An insight by Andrew Howie
It has been touted as the format that will save the game. T20 cricket has come, seen and conquered in recent years. The shorter format of the game, originating from the UK, now offers lucrative deals to the world’s top players. And it is over in less than 3 hours.
So successful has this format become, many top class international players have chosen to retire from longer formats to pursue other business ventures, with the added bonus of lucrative short stint in the sub continent. Some of the top players draw a wage in excess of $1.5 million.
Players of relative domestic obscurity can find themselves thrust in to limelight on the world’s biggest stage before they have enjoyed the honor of playing a test match for their country. The pressure is huge. The admiration from fans is even greater. The Indian crowds can only be described as fanatical. They know who all the players are and how they play.
The IPL has teams owned by successful businesspeople, movie stars and companies. All with the foresight to see that this is a platform that will continue to grow as we become more time poor and more competitive with our disposable time.
With the somewhat mundane pool stage almost out of the way, we are set for the world’s greatest short format teams to begin the battle for world cup supremacy. 32 teams will be culled to just 8. And this is where the cream rises to the top. The best players from around the world representing their countries with a World Cup prize on offer.

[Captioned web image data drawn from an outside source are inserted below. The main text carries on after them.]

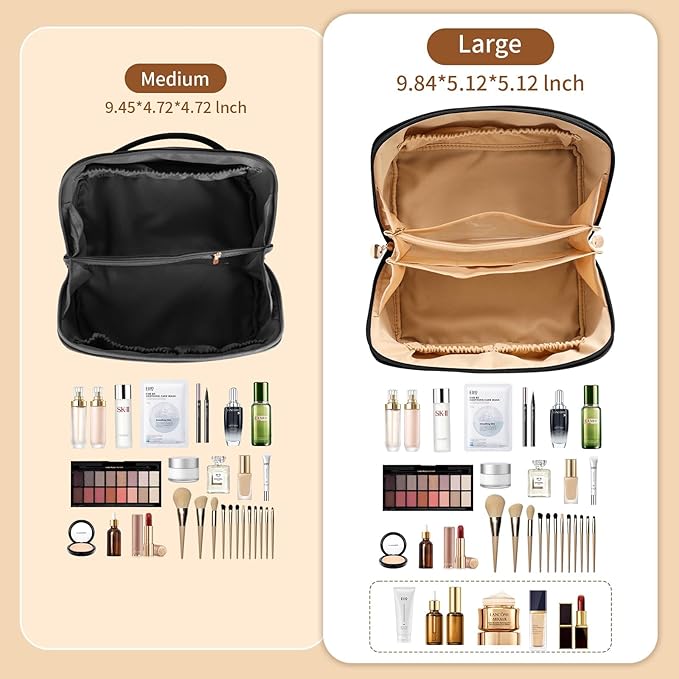 zaleeta Travel Makeup Bag, Large Capacity Cosmetic Organizer Bags for Women, Waterproof PU Leather Toiletry Bags, Wide Open Flat Makeup Case with Divider and Handle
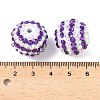Striped Resin Rhinestone Beads OACR-A037-01A-3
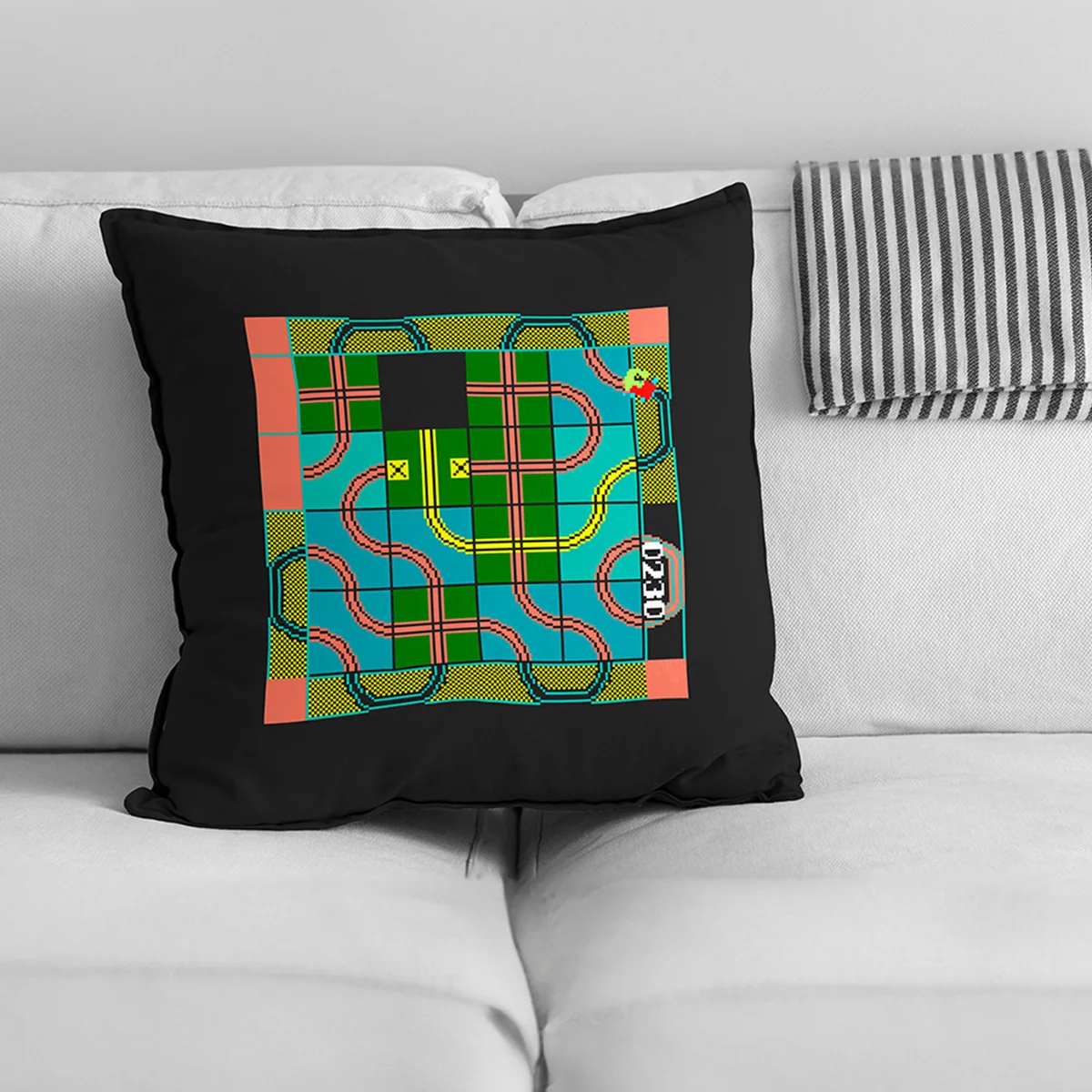Locomotion Pillow 18x18 Inch Polyester Cushion with Hidden Zipper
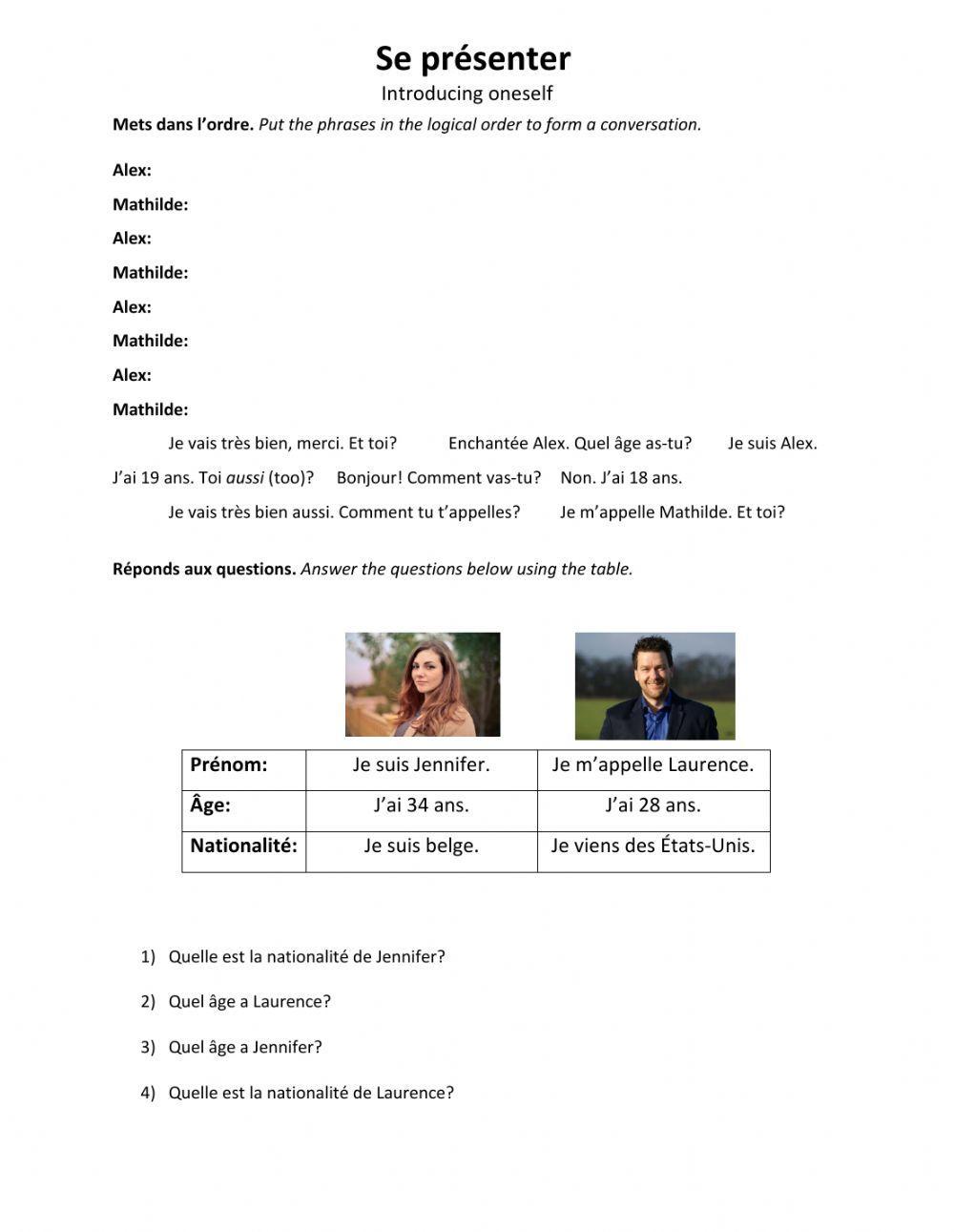 Se présenter en français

The next two weeks will be filled with fireworks.
It is true that there is a bit of hit and miss to T20. But the more the game is played the more there seems to be a formula becoming apparent. You need to be able to bowl and field as well as you bat to ensure whatever total you set is defend-able.
When T20 first took off, bowlers were unsure of the skills they needed to succeed. A change of pace, a good Yorker and the ability to shut down a charging batsman seem to be the answer.
For batsmen, well it is clearly just the ability to belt the cover off as many balls as possible.
Whilst I was a skeptic when it was first born, I have begun to come around. I am still a traditionalist who loves the first day of a test match. Even better, the first day of an Ashes Test. And the second day. I even enjoy a one day game over a few beers with boys after work. I have yet to fall in love with the 20 over format.
But I can see that it has a role to play in the continued success of the game. There is no doubting that these shorter formats have lead to a more aggressive approach to test match cricket. And this can only be a good thing. More aggression means more tests won and lost. And less draws.